H.K. : La conclusion d’une introduction

(Tome Deuxième : Sous l’ombre de l’euthanasie — Partie C : L’euthanasie et l’idéologie — Section II : Une description des sources idéologiques de l’euthanasie en Occident — Chapitre: H.K. : La conclusion d’une introduction)

-Un devoir de dépasser les impressions superficielles

Malheureusement pour Helen Keller –et aussi pour notre compréhension présente de sa contribution à la pensée de notre espèce– les préjugés du départ qui entourent ce personnage, étaient (et seront toujours) extrêmement difficile à surmonter.

En examinant les témoignages vidéos existants (archives 1, archives 2) par exemple, nous constatons immédiatement l’effet de ce qu’elle qualifiait, elle-même, de son plus grand regret personnel –non sa surdité, ni son aveuglement– mais bien la pauvre qualité de ses paroles livrées à haut voix. Car en raison de ce défaut, Helen se trouvait dans l’obligation d’utiliser, toujours, une assistante pour répéter plus convenablement ce qu’elle disait; et cette circonstance lui imposait, de par le fait même, un filtre et une distance dans son rapport avec son auditoire (en plus de produire une image visuelle suggérant, d’avantage, le caractère d’une personne à part, sous la protection –et sous la tutelle– des tiers).

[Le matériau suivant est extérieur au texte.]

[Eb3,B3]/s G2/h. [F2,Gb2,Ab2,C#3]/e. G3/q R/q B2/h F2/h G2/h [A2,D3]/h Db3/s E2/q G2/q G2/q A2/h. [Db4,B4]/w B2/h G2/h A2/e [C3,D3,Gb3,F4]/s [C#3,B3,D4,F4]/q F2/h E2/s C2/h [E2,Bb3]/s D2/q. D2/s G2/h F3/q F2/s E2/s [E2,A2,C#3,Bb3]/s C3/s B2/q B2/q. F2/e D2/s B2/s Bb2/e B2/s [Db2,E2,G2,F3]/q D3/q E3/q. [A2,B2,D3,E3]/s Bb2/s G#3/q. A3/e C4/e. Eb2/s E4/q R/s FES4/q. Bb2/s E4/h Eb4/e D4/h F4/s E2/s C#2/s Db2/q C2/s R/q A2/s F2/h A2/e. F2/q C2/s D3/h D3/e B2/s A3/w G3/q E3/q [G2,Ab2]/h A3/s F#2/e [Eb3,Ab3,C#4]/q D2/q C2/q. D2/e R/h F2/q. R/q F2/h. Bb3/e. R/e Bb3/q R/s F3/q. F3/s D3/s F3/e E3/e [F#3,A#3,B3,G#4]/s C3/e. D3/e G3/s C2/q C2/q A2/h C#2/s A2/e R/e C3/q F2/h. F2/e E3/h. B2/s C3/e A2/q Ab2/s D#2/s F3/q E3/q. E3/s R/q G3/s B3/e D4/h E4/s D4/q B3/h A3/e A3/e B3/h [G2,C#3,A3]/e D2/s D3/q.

Mais essayons quand-même à dépasser ces préjugées indissociables (autant à l’époque que de nos jours) de la personne handicapée (et surtout de la personne dont le handicap résulte dans une faculté de parole largement incompréhensible). Essayons de considérer les faits, plutôt, tels qu’ils devaient apparaître au premier concerné. Soyons assez perspicaces à l’étude des vidéos survivantes, pour retenir cette image, plutôt, d’une femme souriante: possédant un posture vertical de danseuse; enjouée; utilisant chaque atome d’avantage –d’intelligence et de grâce– dont elle pouvait se prévaloir. Créditons cette image comme indice fidèle de la vraie Helen Keller, et non s’attarder à la voix, décevante, qui nous rejoint à travers la barrière de la surdité.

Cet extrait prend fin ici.